--- WHAT THE TASK ASKS ---
Start to finish, print the entries exactly, and carry none of the pictures over.

--- EXERCISE DATA ---

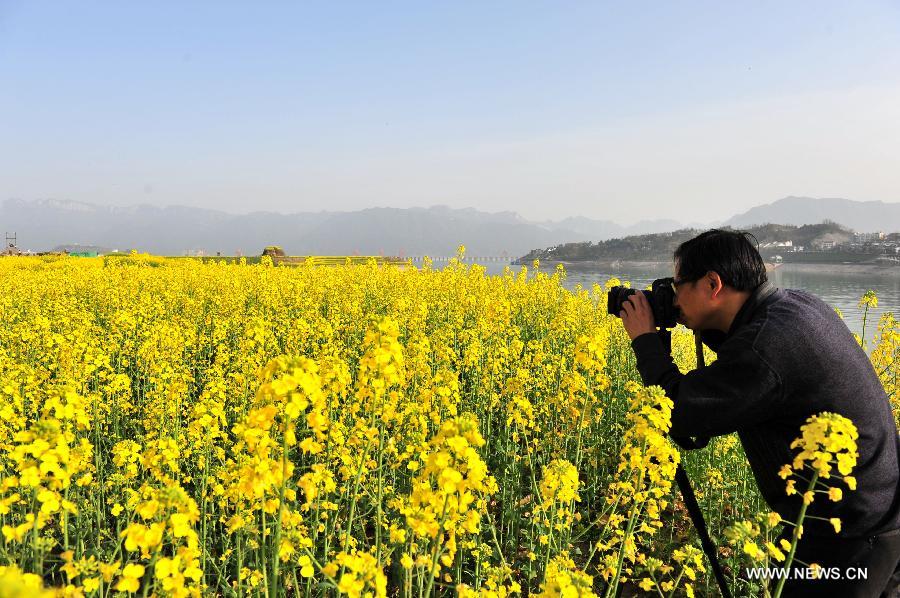 #CHINA-HUBEI-ZIGUI-RAPE FLOWERS-SCENERY (CN)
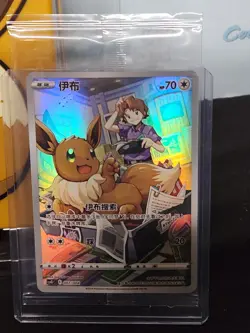 Pokemon Chinese 2024 Eevee Vmax Holo Sealed With Eevee Keychain Cardholder - Image 4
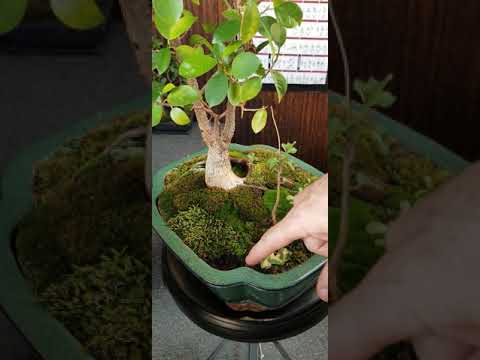 Bonsai Moss Crafting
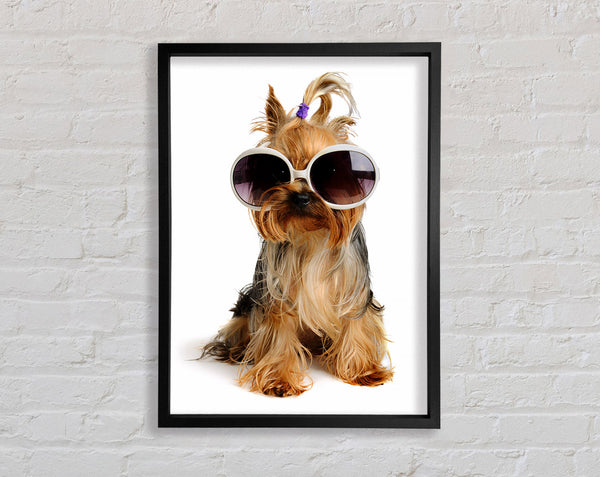 Yorkshire Terrier Dog Glamour Framed Print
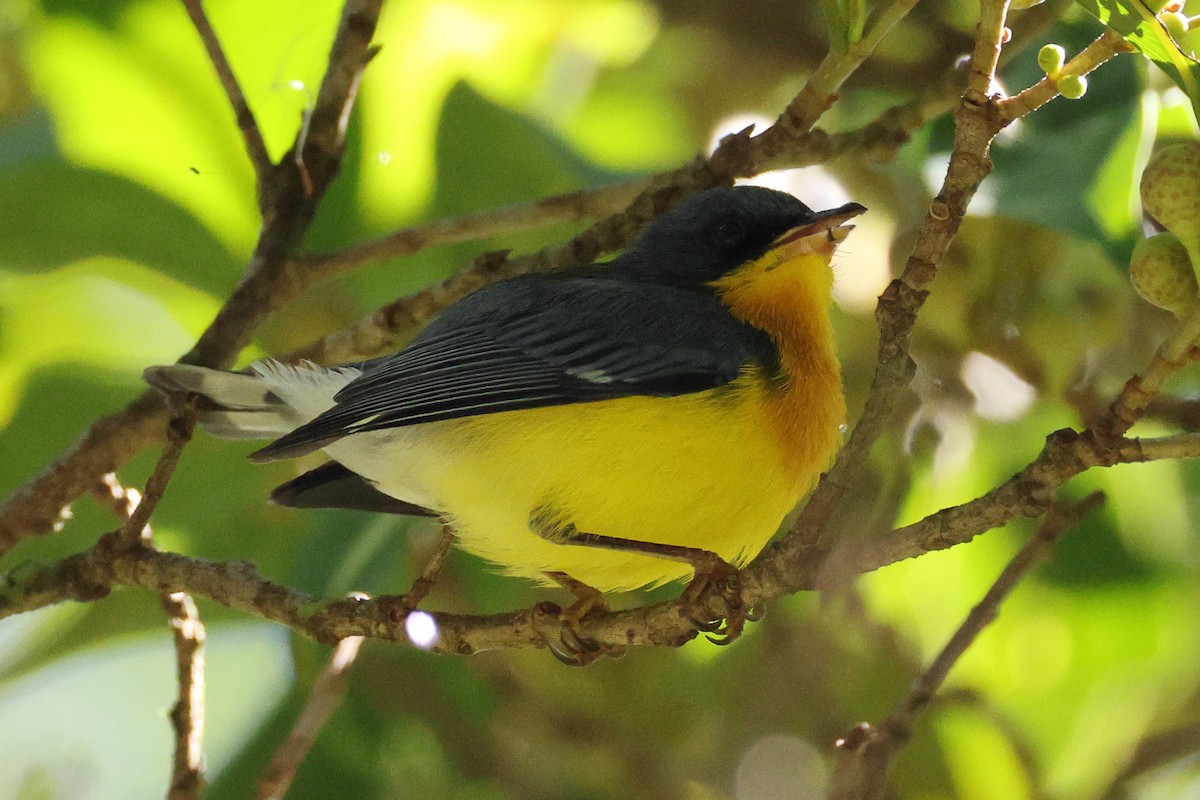 Tropikal Parula - ML642090395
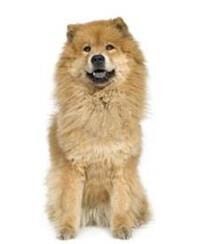 large_chow-chow-0-636246622778900981.jpg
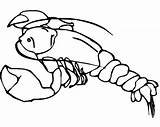 Realistic Lobster Coloring Book To Print And Online sketch template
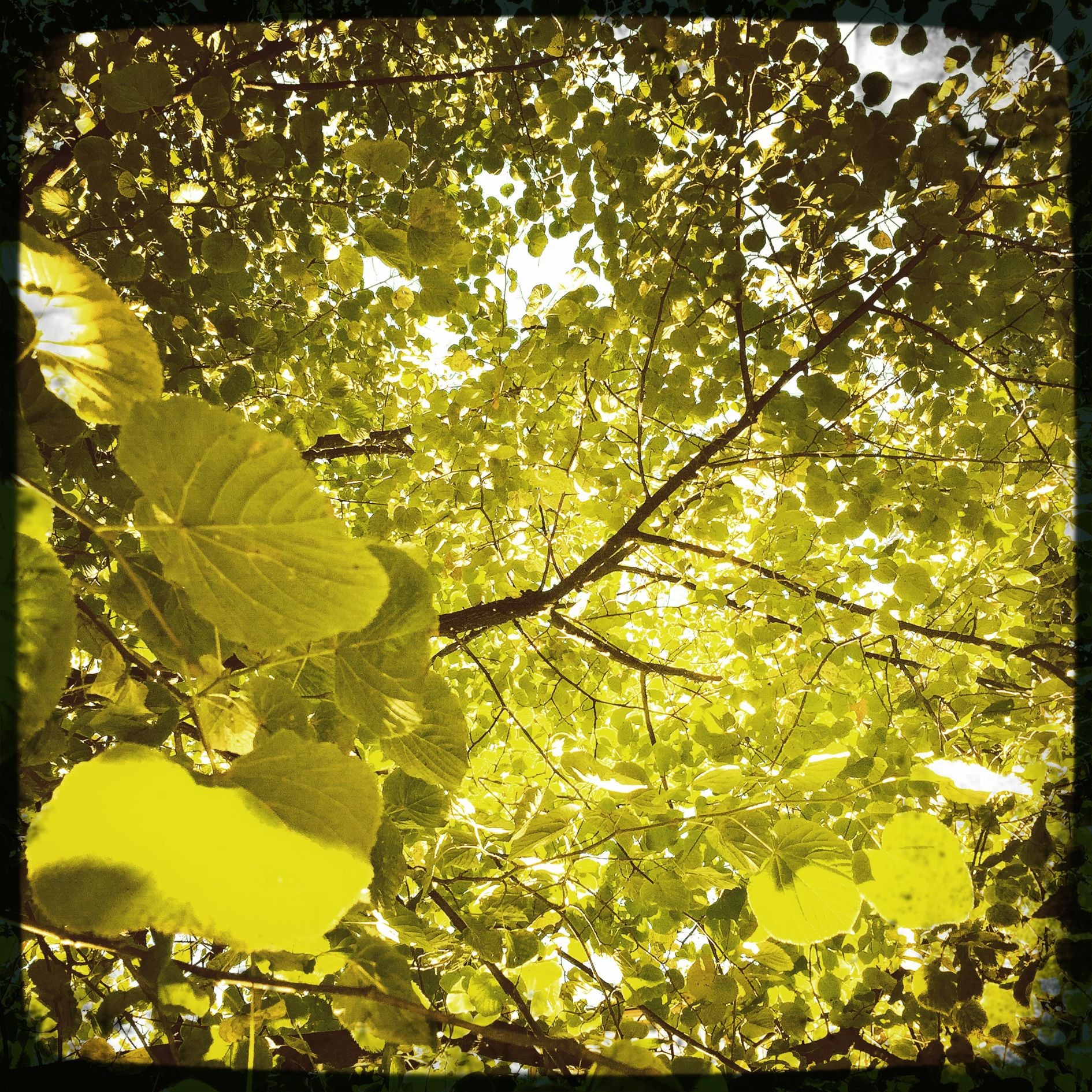 Dive in Green at Åsögatan 30 x 30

--- ANSWER TO THIS EXERCISE ---
 #CHINA-HUBEI-ZIGUI-RAPE FLOWERS-SCENERY (CN)
 Pokemon Chinese 2024 Eevee Vmax Holo Sealed With Eevee Keychain Cardholder - Image 4
 Bonsai Moss Crafting
 Yorkshire Terrier Dog Glamour Framed Print
 Tropikal Parula - ML642090395
 large_chow-chow-0-636246622778900981.jpg
 Realistic Lobster Coloring Book To Print And Online sketch template
 Dive in Green at Åsögatan 30 x 30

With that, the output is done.